▸ DATA TO PROCESS
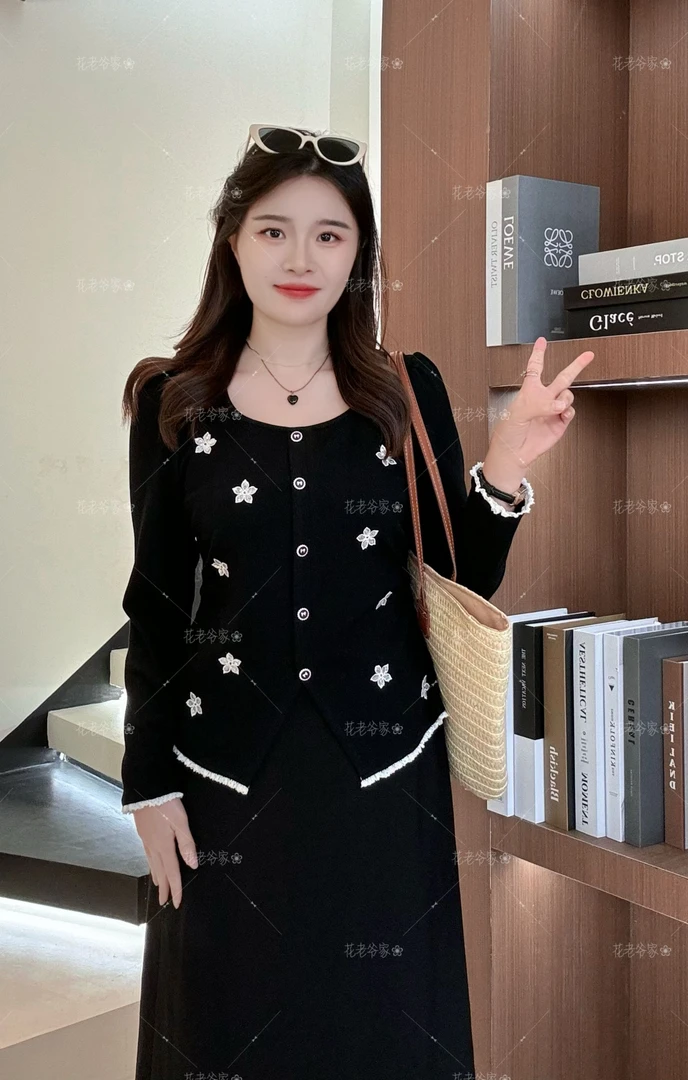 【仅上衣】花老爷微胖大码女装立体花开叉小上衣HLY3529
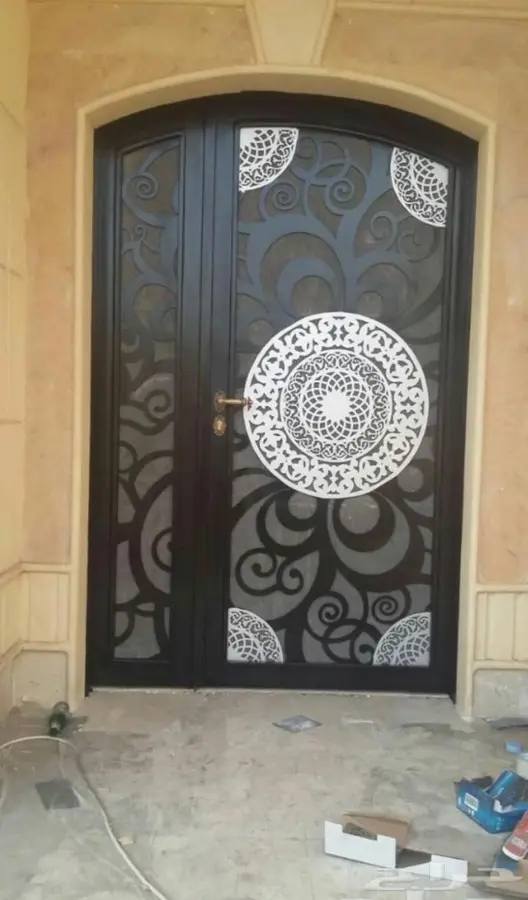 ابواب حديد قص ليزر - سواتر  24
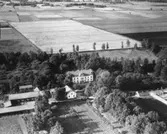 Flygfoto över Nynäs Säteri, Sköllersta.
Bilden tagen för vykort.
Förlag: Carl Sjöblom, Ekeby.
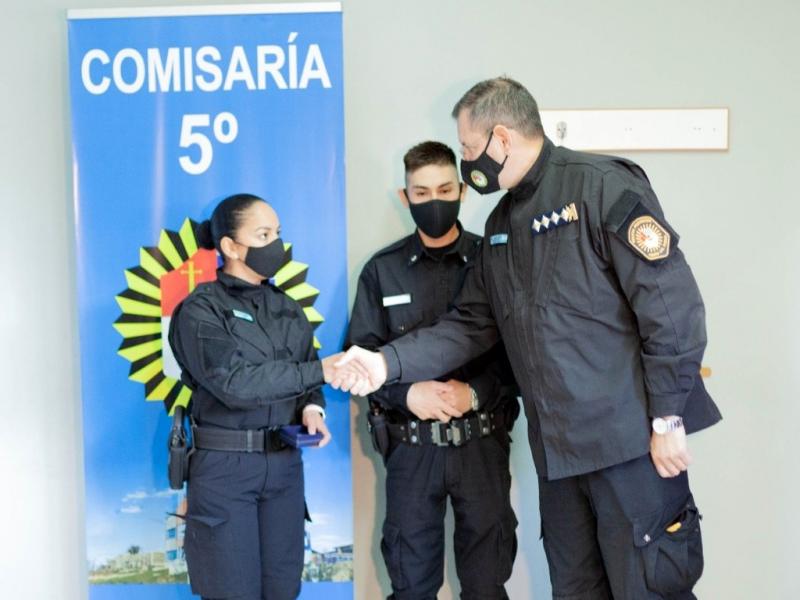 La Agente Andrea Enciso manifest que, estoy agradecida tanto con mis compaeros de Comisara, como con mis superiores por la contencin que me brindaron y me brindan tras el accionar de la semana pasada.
...
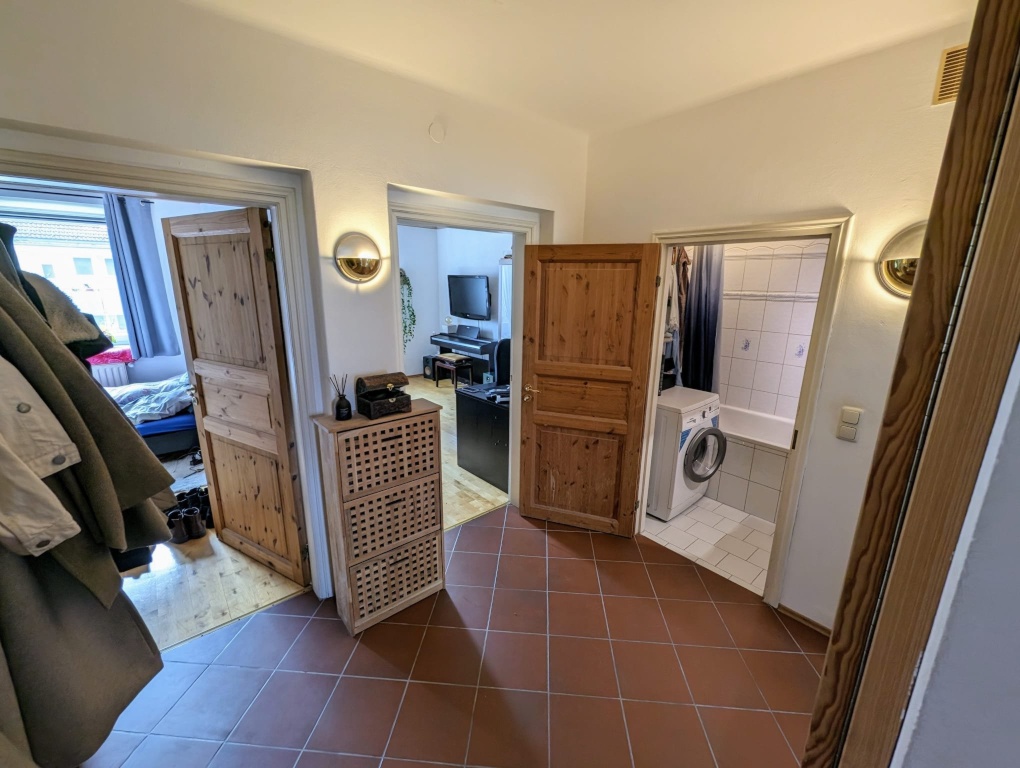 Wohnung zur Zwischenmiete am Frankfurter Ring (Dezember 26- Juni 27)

▸ PROBLEM DESCRIPTION
Within the listing above, the stretch from the line with "Flygfoto över Nynäs Säteri, Sköllersta." down to the line with "La Agente Andrea" is to be given again exactly, end lines included and pictures excluded.

▸ PROBLEM SOLUTION
 Flygfoto över Nynäs Säteri, Sköllersta.
Bilden tagen för vykort.
Förlag: Carl Sjöblom, Ekeby.
 La Agente Andrea Enciso manifest que, estoy agradecida tanto con mis compaeros de Comisara, como con mis superiores por la contencin que me brindaron y me brindan tras el accionar de la semana pasada.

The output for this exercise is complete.